Art Atlas: A dream that came true
The story of Art Atlas Peru is proof that shrewd business and a commitment to social welfare can go hand in hand. Art Atlas Peru is an ecological and socially driven enterprise that produces sweaters and cardigans from the highest quality natural fibres, such as alpaca wool and organic cotton.
Jessica Rodriguez, the company’s founder and commercial manager, fell in love with Peruvian fibres in the late 1990s while working for the largest producer of alpaca yarn in southern Peru.
‘I was amazed by the local artisans and the beautiful work they created by hand,’ Rodriguez says. ‘I also had the opportunity to learn about export requirements, and I knew there was demand in Europe for organic products in natural colours.’

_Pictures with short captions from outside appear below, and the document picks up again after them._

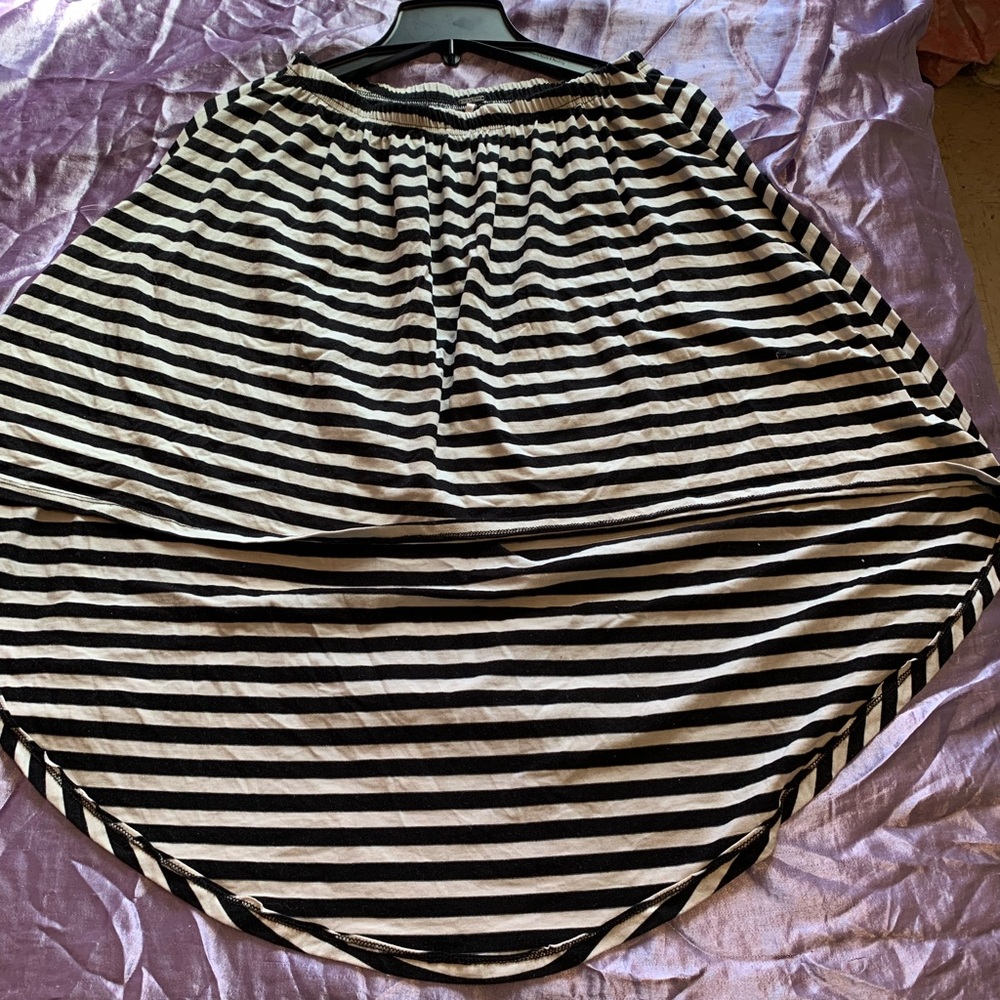 Black and White Strip High Low Skirt Medium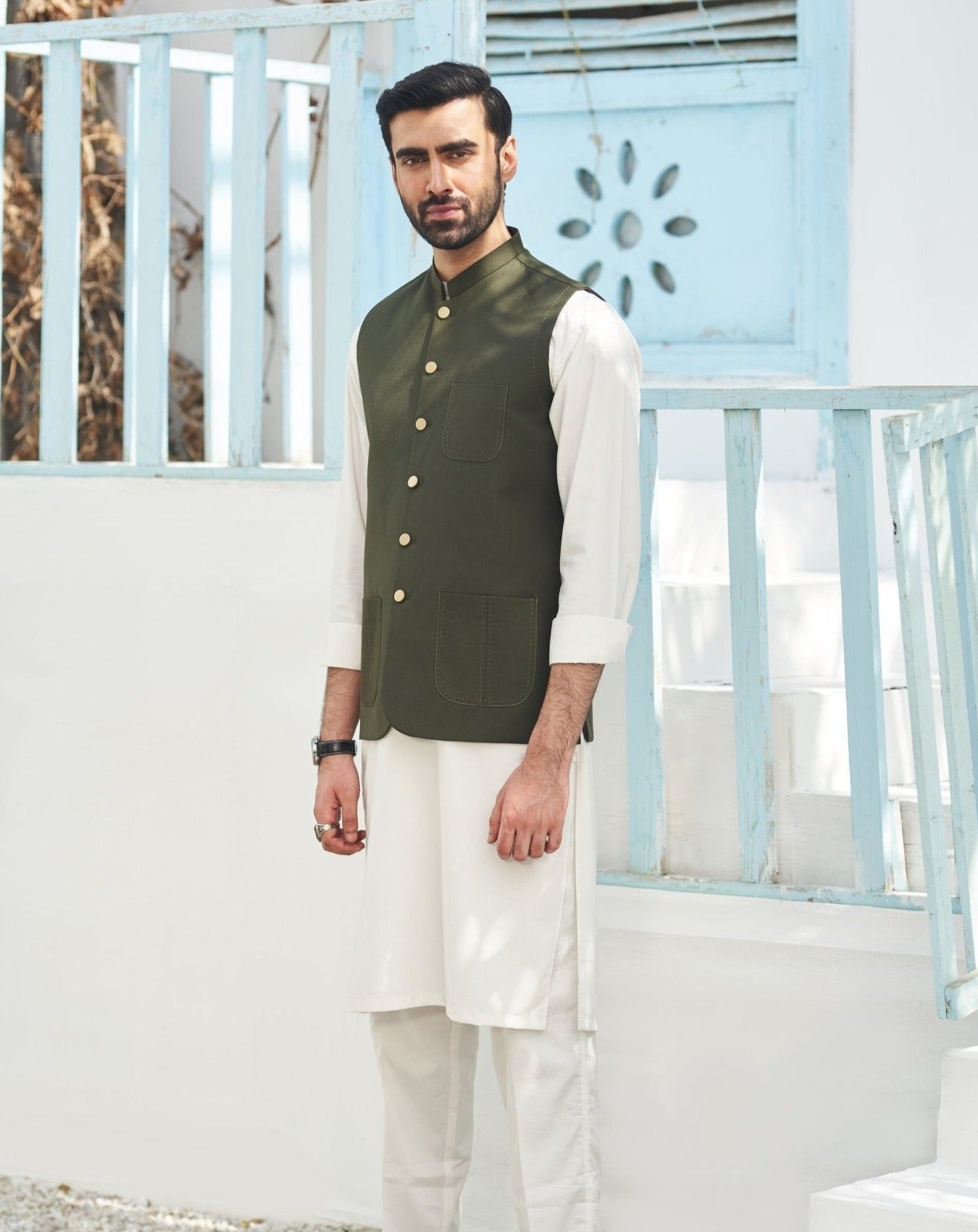 Off White Blended Kurta Trouser with Army Green Waistcoat (3-Piece) - Image 4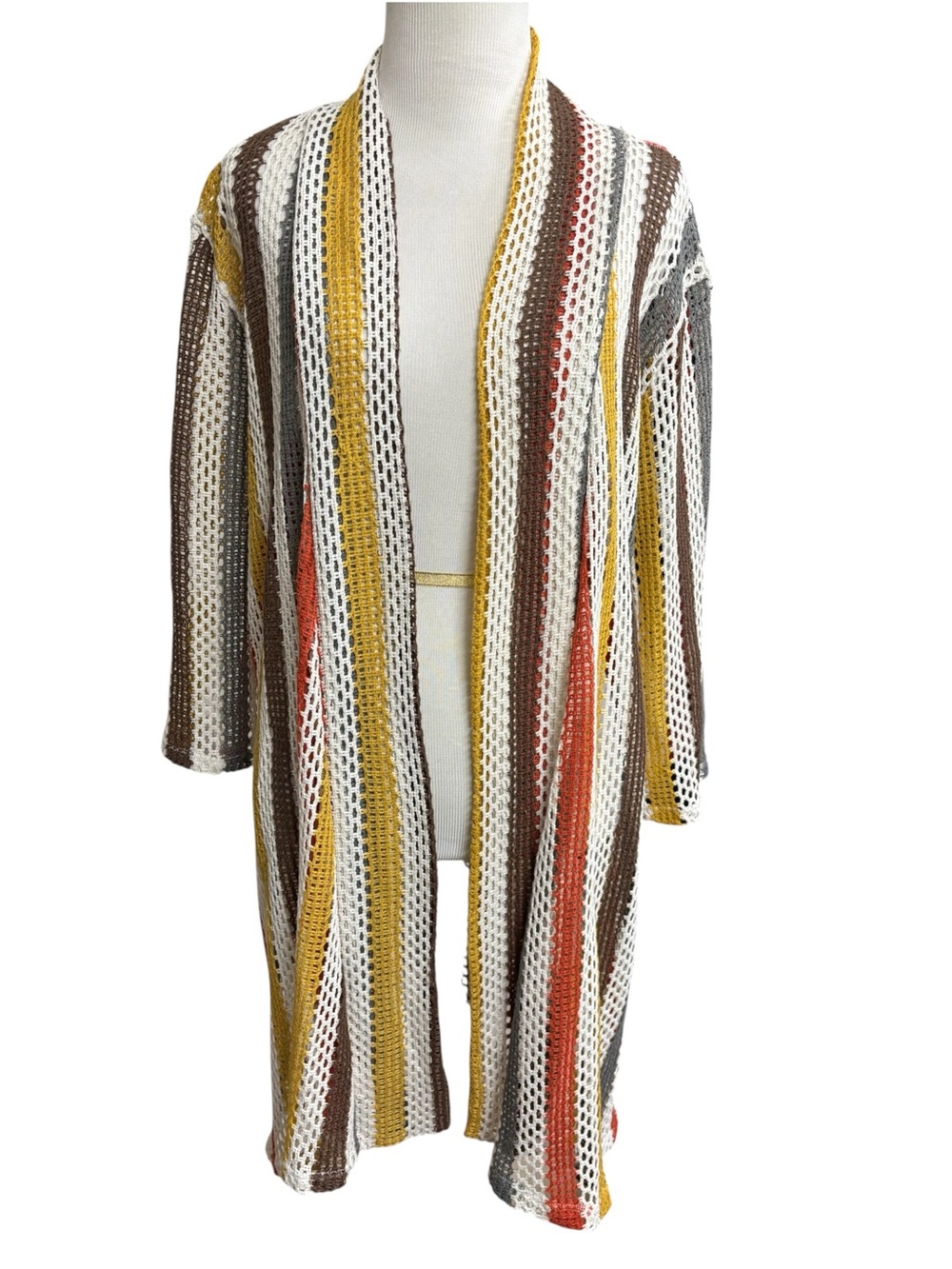 Striped Open-Front Crochet Cardigan - Mustard, Brown & Cream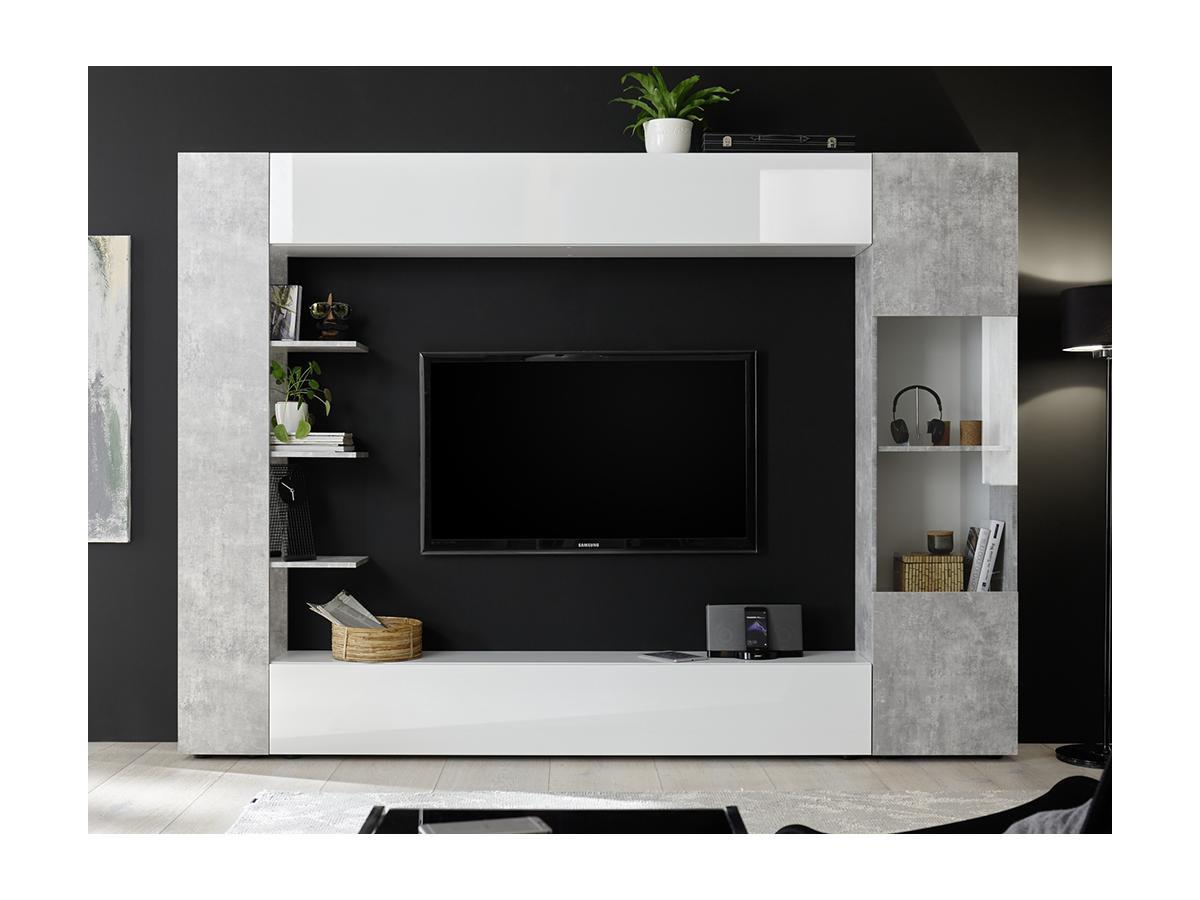 Vente-unique Mur TV SIRIUS avec rangements  laqué béton  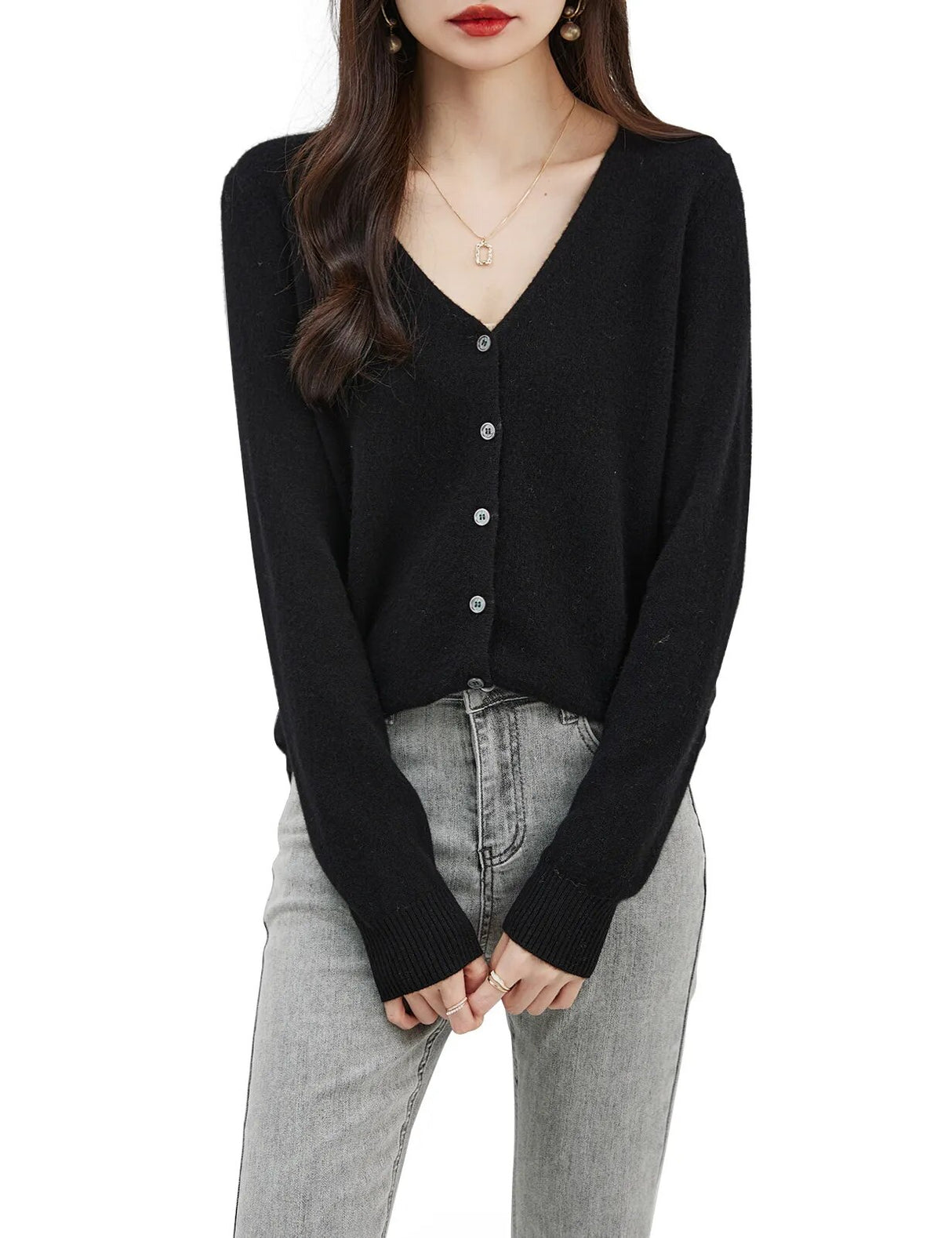 Women's Long Sleeve, V Neck, 100% Soft Merino Wool Cardigans.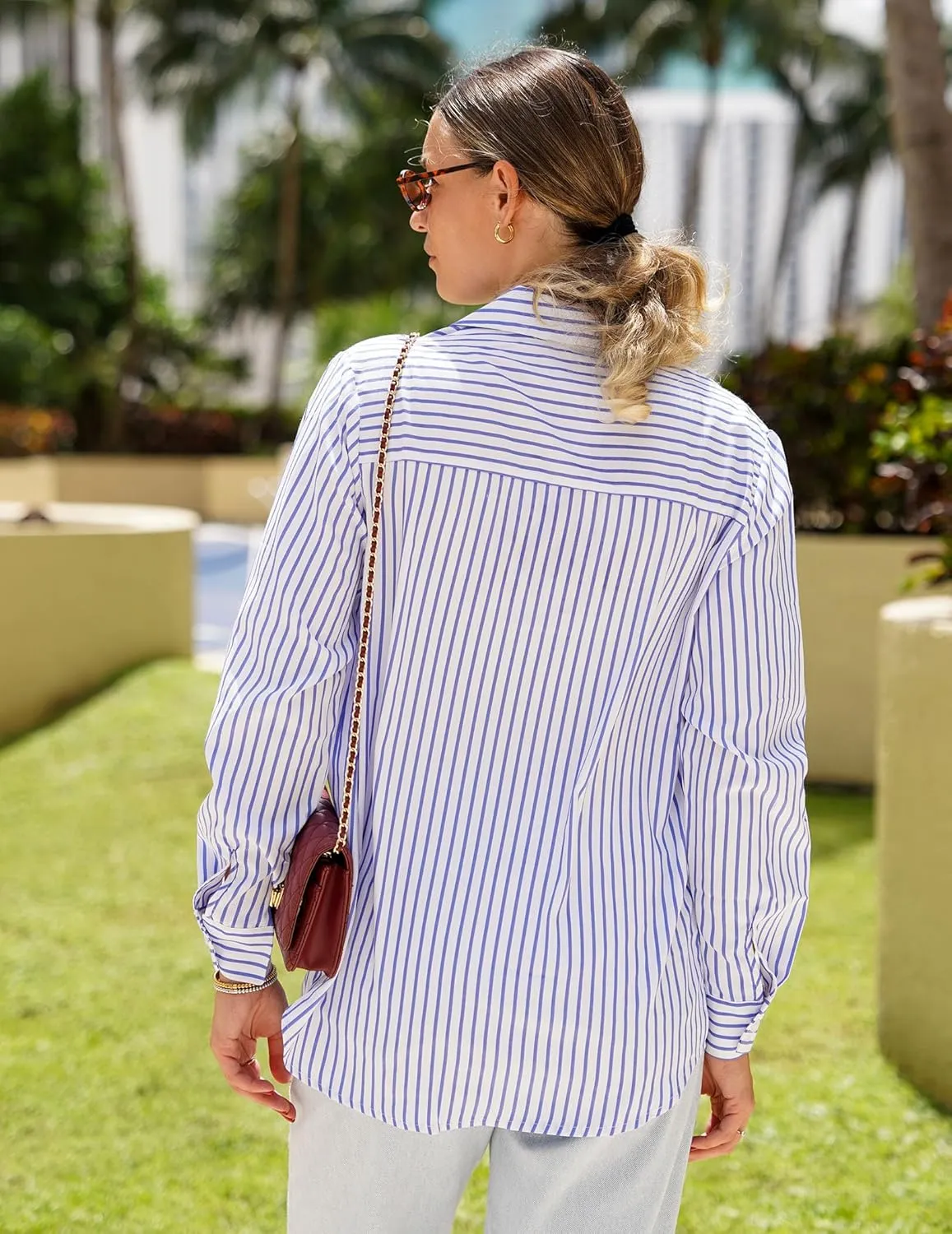 HOTOUCH Womens Striped Button Down Shirts Collared Shirt Casual Long Sleeve Business Office Work Blouses Tops
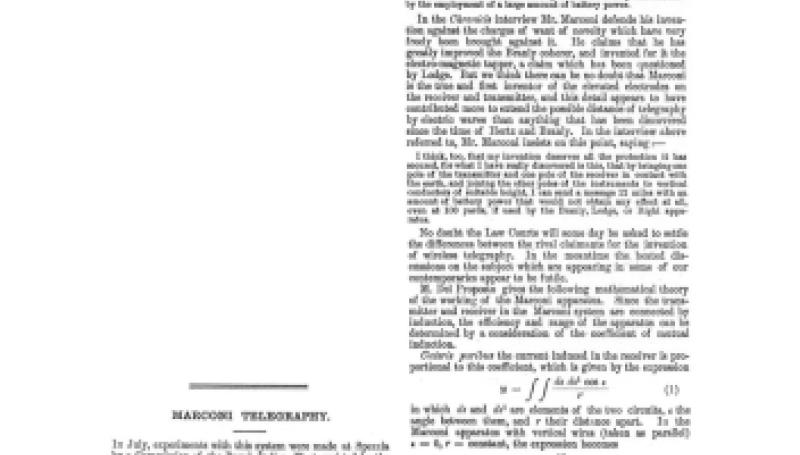 Preview of Marconi Telegraphy article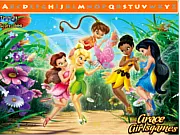 Tinkerbell Hidden Alphabets game screenshot, Tinker Bell and fairies, hidden letters game with a timer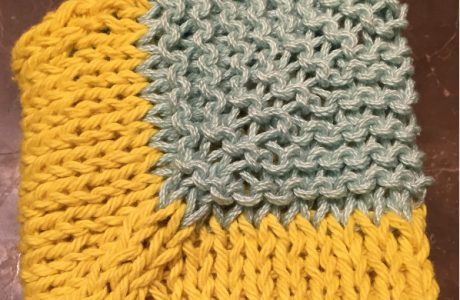 mitered garter stitch dishcloth pattern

At the time, many companies in the Peruvian highlands were moving to the capital, Lima, or closing. Unemployment was high and opportunities were scarce. In this context, Rodriguez felt she had an opportunity to start her own business – one that gave her a stronger sense of purpose and embodied her values. With her business partner, Rodriguez launched Art Atlas Peru in 2000. They developed a production model that created opportunity not only for its workers and artisans, 85% of whom are women, but for everyone along the value chain, from collaborators and clients to the final consumers.
‘Running the company has been an enriching experience, and we have overcome many challenges: teaching our customers about the benefits of natural fibres, finding good partners that share the same philosophy and gaining access to markets,’ she says.
During the economic crisis in 2008, the textile sector was deeply affected. Orders dropped drastically, so to retain its workers and artisans, the company had to be flexible. Diversification, creativity and innovation were important factors in Art Atlas’s survival.
‘We offered our clients different types of products – such as home textiles – using natural colours and low-impact dyes,’ Rodriguez says. ‘We created new blends using different combinations of luxury fibres, and invented new techniques for stitching and production in knitting. We were able to maintain our revenues and our people during that difficult year.’
Today, Art Atlas Peru produces a wide range of knitwear, from light fine sweaters to chunky ones, using a range of machines, from those run by hand to fully computerized models offering a wide variety of stitches. The company also has a line of handmade clothing, crafted by a group of 150 women who specialize in crochet and knitting. Art Atlas products can be found in Paris, New York, London, Tokyo – in all the fashion centres around the world.
What began with two people now supports 500 families who receive work from this initiative – 180 directly and 350 indirectly. For them, the benefits of regular, sustainable employment are being realized in better education, food and homes.
‘In February 2011, ITC and SPINNA – The Women’s International Alliance – facilitated our connection with buyers through a customized showroom event during New York Fashion week, which resulted in new clients and sales,’ Rodriguez says. ‘The new knowledge and tools we were equipped with beforehand, as part of the project delivered with Promperu, has been a catalyst for the launch of our own collection and brand label for women and babies, called Anntarah.’
Improving quality of life through jobs and training
The Art Atlas Foundation was created in 2003 as a not-for-profit association allocating a percentage of Art Atlas sales to improving the quality of life for people in the Arequipa region through jobs and training. This includes education in various aspects of the textile industry and promoting entrepreneurship among women and young people. One of the foundation’s programmes provides women and young adults with capital to start their own business producing knits. The foundation also provides school supplies to children and supervises the construction of shelters for alpaca farmers in highland villages – with practical and educational results. The Art Atlas Foundation helps families set up their own workshops in spare rooms or garages, and is able to supply these micro-enterprises with sustainable work.
‘I believe strongly in giving a hand to others because I see the vast differences in opportunity that are available to different people,’ Rodriguez says. ‘I also participate in women-empowerment initiatives around the world, including Pathways to Prosperity, the new APEC Policy Partnership on Women and the Economy, and ON Women. Empowering women to improve their lives and achieve their goals is my great passion. To help one woman is to help the entire family and the community.’